Up go distress flags as down goes ad revenue. Trinity Mirror issues a profit warning. News International freezes recruitment. Associated and Pearson cut back.

What better moment for the industry to take its longest, hardest look at improving income other than by upping cover prices and watching hard-won circulation drop away?

The Newspaper Publishers Association and the Newspaper Society could do worse than research just how much free advertising we give promoters who can afford to pay for it.

Take horse racing, for a start. Is any marginal readership more pampered than punters? At immense cost, not only to the publishers but to the planet, entire forests are consumed to provide page upon page of racecard detail that 99 per cent of readers don’t give a damn about (even if 100 per cent of bookmakers applaud our generosity).

It is one thing to devote editorial space to the Derby, the National and the principal daily meeting on the calendar. But Wincanton?

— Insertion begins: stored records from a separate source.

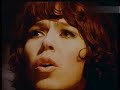 medley alexandra & heidi br�hl & lale andersen & peggy march 60s

1. alexandra - mein freund der baum 1969
als kleines m�dchen kam ich schon 
zu dir mit all den kindersorgen;
ich f�hlte mich bei dir geborgen, 
und aller kummer flog davon.
hab ich in deinem arm geweint,
strichst du mit deinen gr�nen bl�ttern mir �bers haar,
mein alter freund.

mein freund der baum ist tot, 
er fiel im fr�hen morgenrot.

(kommentar von alexandra)

du fielst heut' fr�h, ich kam zu sp�t, 
du wirst dich nie im wind mehr 
wiegen, du musst gef�llt am wege liegen, 
und mancher der vor�ber geht, 
der achtet nicht den rest von leben 
und rei�t an deinen gr�nen zweigen, 
die sterbend sich zur erde neigen. 
wer wird mir von nun die ruhe geben, 
die ich in deinem schatten fand? 
mein bester freund ist mir verloren, 
der mit der kindheit mich verband.

mein freund der baum ist tot, 
er fiel im fr�hen morgenrot.

2. heidi br�hl - hundert mann und ein befehl 1966 
irgendwo im fremden land
ziehen wir durch stein und sand.
fern von zuhaus und vogelfrei,
hundert mann, und er ist dabei.

hundert mann und ein befehl
und ein weg, den keiner will.
tagein, tagaus, wer wei� wohin.
verbranntes land, und was ist der sinn?

ganz allein in dunkler nacht
hast du oft daran gedacht,
dass weit von hier der vollmond scheint
und weit von dir ein m�dchen weint.

und die welt ist doch so sch�n,
k�nnt' ich dich noch einmal sehn.
nun trennt uns schon ein langes jahr,
weil ein befehl unser schicksal war.

3. lale andersen - ich war nur ein m�dchen vom hafen 1961 
ich war nur ein m�dchen vom hafen
ich tanzte f�r geld im lokal
ich war nur ein m�dchen vom hafen
ein tanzgirl, das war ich einmal

in portland da war ich zuhause
da hat mich ein jonny verehrt
doch der wollt kein m�dchen vom hafen
das in den kaschemmen verkehrt

ich war ihm nicht reinlich zur liebe genug
mein ruf war ihm zu schr�g
nur weil ich ein m�dchen vom hafen war
war ihm meine liebe im weg

er hat eine and're genommen
mein kummer, der war ihm egal
denn ich war nur ein m�dchen vom hafen
ein tanzgirl, das war ich einmal

4. peggy march - in der carnaby street 1969
was so alles geschieht, in der carnaby street,
und ein carnaby boy spielt auf seiner guitar
f�r die leute ein lied in der carnaby street.
was so alles geschieht, ja die girls und die boys
kommen raus aus dem haus, denn sie h�ren den beat 
in der carnaby street.

allen geht der beat in die beine,
und die melodie geht ins ohr,
ja und alle denken das eine.
das gibt es nur in der carnaby street.

was so alles geschieht in der carnaby street,
ja bei tag und bei nacht pfeiffen alle den hit 
auf der carnaby street.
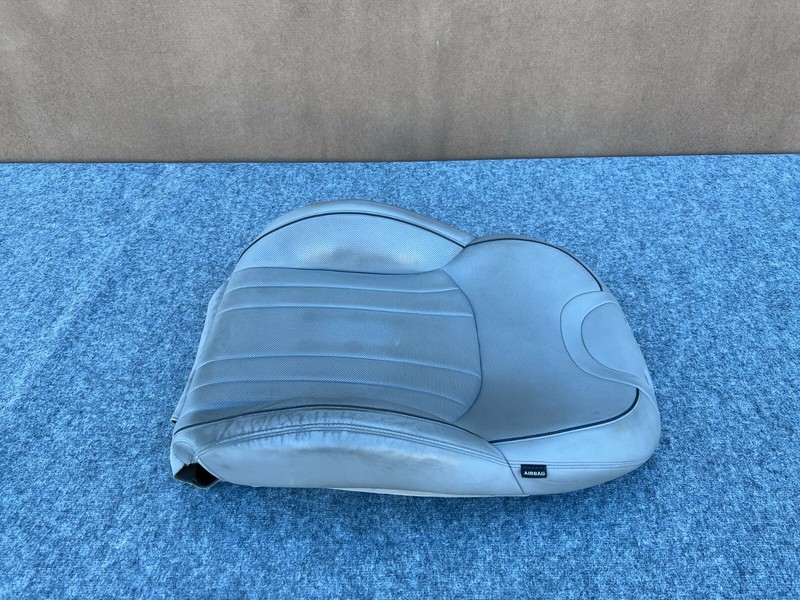 HYUNDAI GENESIS SEDAN & G80 2015-2019 OEM FRONT RIGHT PASSENGER SEAT SKIN (GRAY)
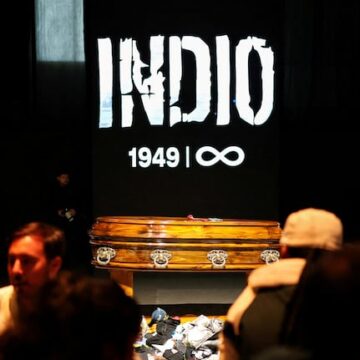 Velorio del Indio Solari: Imágenes del homenaje en el polideportivo Gatica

And why should broadcasting PLCs get charity from publishing PLCs? After all, Richard Desmond happily stumped up £125m for Express Newspapers, which would not otherwise be listing his Fantasy Channel ("10.10 Voyeur, 10.20 Dildo Dan, 10.45 Film: Expose Me Again").

And how we rage at the BBC, which misuses licence fees to pay Camelot for the privilege of promoting the National Lottery. Camelot doesn’t even provide copy by identifying the winners. (For all we know, a dozen jackpots have been won by aunts of Camelot executives.)

Once upon a time, newspapers gave free space to columns of winning Premium Bond numbers. Then they managed to arrive at the view that the only reason any did it was that all did it. The great giveaway stopped, and all we run now is a par reporting the top winning numbers. (Nothing to do with such indifference, of course, but Premium Bonds are currently paying us for full-page ads to revive public interest.)

The acreage of free space we used to donate to the football pools has also dropped to insignificance.

What might we demand for listing football fixtures for the benefit of an industry which knows more about the cash value of its copyrights than we do about the cash value of our space?

The inability of publishers to reach joint agreement is legendary (and not always entirely unhealthy) but there would be no harm in mounting a study on whether cash for coverage could give our bottom lines the kiss of life.